Kimi wa mou yume no tsuzuki todoku hazu mo nai koto da to wakatteiru
Anti-Nostalgic Gravitation
In liveing memory of Jan gray mother of three children and 6 chikens
Suberbia
I've become the light bord opperator for Suburbia, and i really like it pretty well. to be honest going into this i didnt know what to think, i was scared of working with michle montiegro for my Lighting desinger (LD) just beacause i never had the impression that he liked me much... that made me upset. however not so upset as the fact that my Knee tripped out on me and put me out of commistion for a while. im still not 100% but imlike 98% so its prety good. I have to say that i was rather plesently suprised by the way that michiles been treating me. I mean hes not stand offish and he understands that ive never run a light bord before so hes teaching me what to do and how to do it.

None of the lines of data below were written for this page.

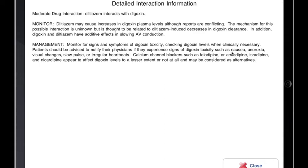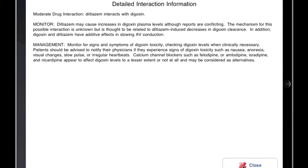I see that it can cause nausea, anorexia, etc. I also note that calcium channel blockers are a considerable alternative.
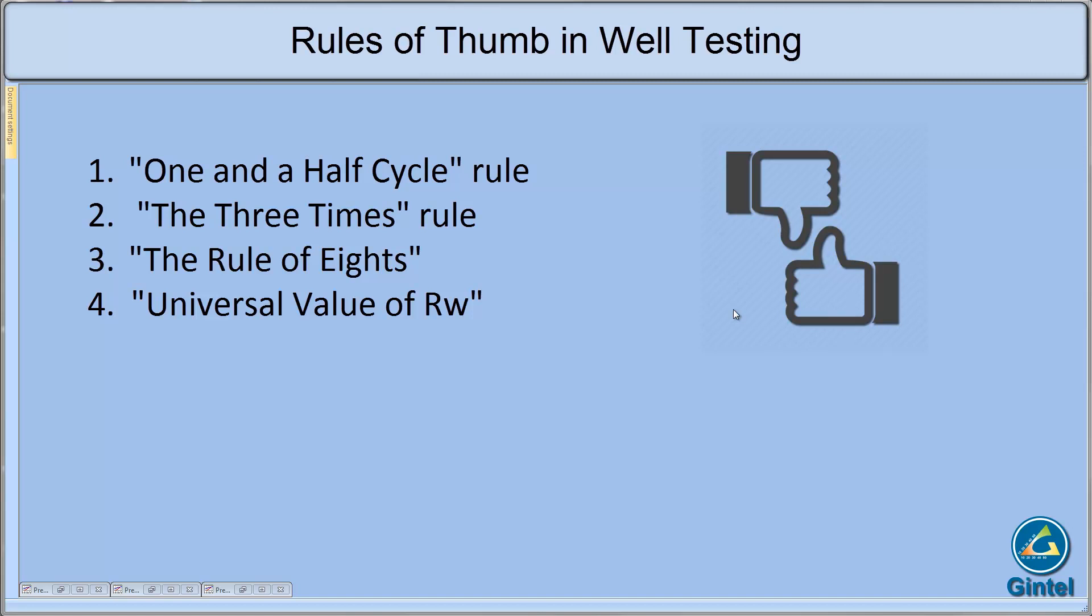In this video we will review the rules of thumb in well test. We only consider a few of them, the ones which can be judged by theoretical formulas, and we will check their sensitivities.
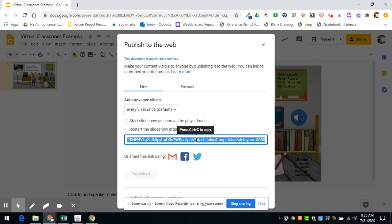You can see that if you press control C, it will copy that link, and you could paste that link in your Google Classroom so students could then go to your virtual classroom.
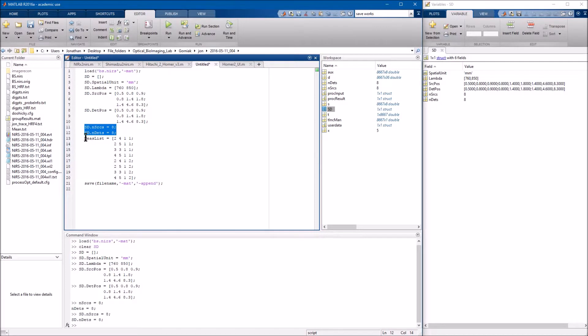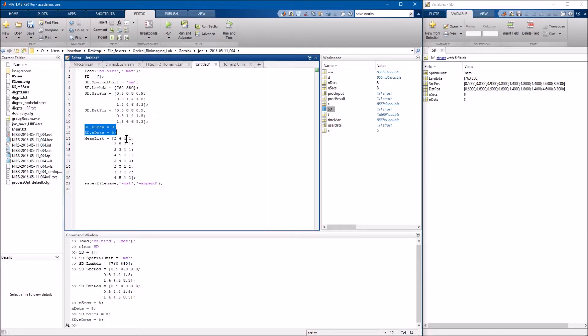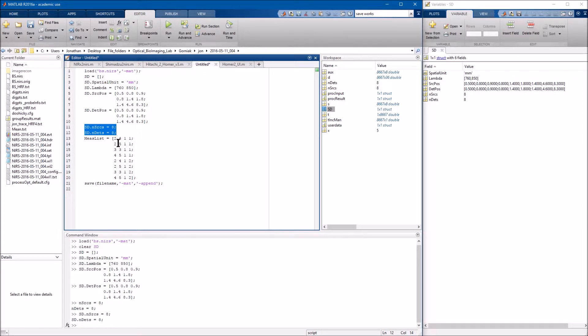And then we finally have our MeasList. The MeasList is a little screwy in appearance. But all it is is the collection of sources and detectors that you consider a channel. And that's going to be per wavelength. So here we have source two, detector four. The third column is actually all just ones. And the fourth column is your wavelength. So it's source two, detector four, wavelength one. Source two, detector five, wavelength one, et cetera.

I understand more now about lighting a show than i learned from just Dan teaching me in my light class. i guess nothing makes up for first hand experiance. its fun. i mean its boring to sit through a play and watch the same characters fail to get there lives together over and over but its almost like its hiting me with a message. not to mention the fact that i realized how prity stacy could be. was really shocking... i think its because she so acurately played her character because i still dont see her as attractive or anything. its just that shes good at this... theres a point where she dies... and i think that death itsself has become a verry sensative subject with me... i mean jan... and now my grandmother is not doing so well... lung cancer normaly means you knocking on heavens door. but its just the feeling that... okay stacy she dies.... shes a nursing assitant... her life is sad.. she watches people who are dieing int he hospital... the takes care of them as they die... everyone there she bonds with dies... and she starts drinking... then takes a few tomany pills... and walks off stage... then thats all you ever see her... its so damn sad... i really did wana cry... but... ither way that would be unprofestional... and i cant be that here... not anymore... lately though ive had this feeling that even the techs think im ... stupid... or annoying... and i really wana go home right now... i think i will... ill see you latter people... i have a long night a head of me.